Traditional Indian beliefs about the dietary management of diabetes—an exploratory study of the implications for the management of Gujarati diabetics in Britain
Article first published online: 28 JUN 2008
Journal of Human Nutrition and Dietetics
Volume 5, Issue 5, pages 311–321, October 1992
How to Cite
Khajuria, S. and Thomas, J. (1992), Traditional Indian beliefs about the dietary management of diabetes—an exploratory study of the implications for the management of Gujarati diabetics in Britain. Journal of Human Nutrition and Dietetics, 5: 311–321. doi: 10.1111/j.1365-277X.1992.tb00170.x
- Issue published online: 28 JUN 2008
- Article first published online: 28 JUN 2008
- MS accepted July 1992
- ayurvedic medicine;
- diabetes mellitus;
The aim of this small study was to explore the extent to which traditional beliefs about diet, health and diabetes, as described in the classics of Ayurvedic medicine, are held by Indian (Gujarati) diabetics in Britain. This was undertaken to give insight into the patients' perspective on appropriate management of their condition and to identify and possible areas of conflict between traditional remedies and western treatment of diabetes. In addition, eating habits were examined in order to assess the extent to which the dietary modifications advocated by either medical system were being followed.

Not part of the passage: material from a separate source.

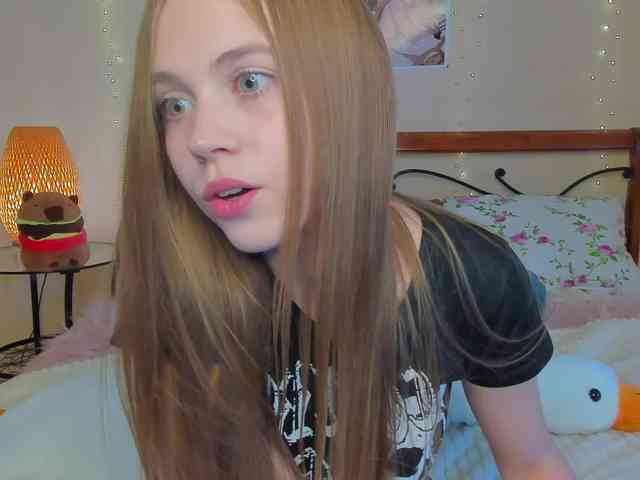 miya-soft webcam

Patients satisfaction with the advice given by doctors and dietitians and its appropriateness to their eating habits was also investigated.
The results indicated that the traditional belief in the value of bitter foods and bitter herbs in the management of diabetes was common amongst Gujarati patients attending the diabetes clinics at two London Hospitals. The majority ate karela, guar, tindora or methi leaves once a fortnight or more frequently as part of a meal. But only a small minority (18%) used bitter foods or bitter herbs therapeutically, giving rise to little conflict between traditional and western medicine.
Findings also indicate that despite their generally poor understanding of English, patients were aware of the principles of the diabetic diet advocated by doctors and dietitians. These were not however always put into practice. This might be due in part to a lack of specificity in advice, possibly arising from a lack of detailed knowledge concerning the foods, eating habits and beliefs of these patients.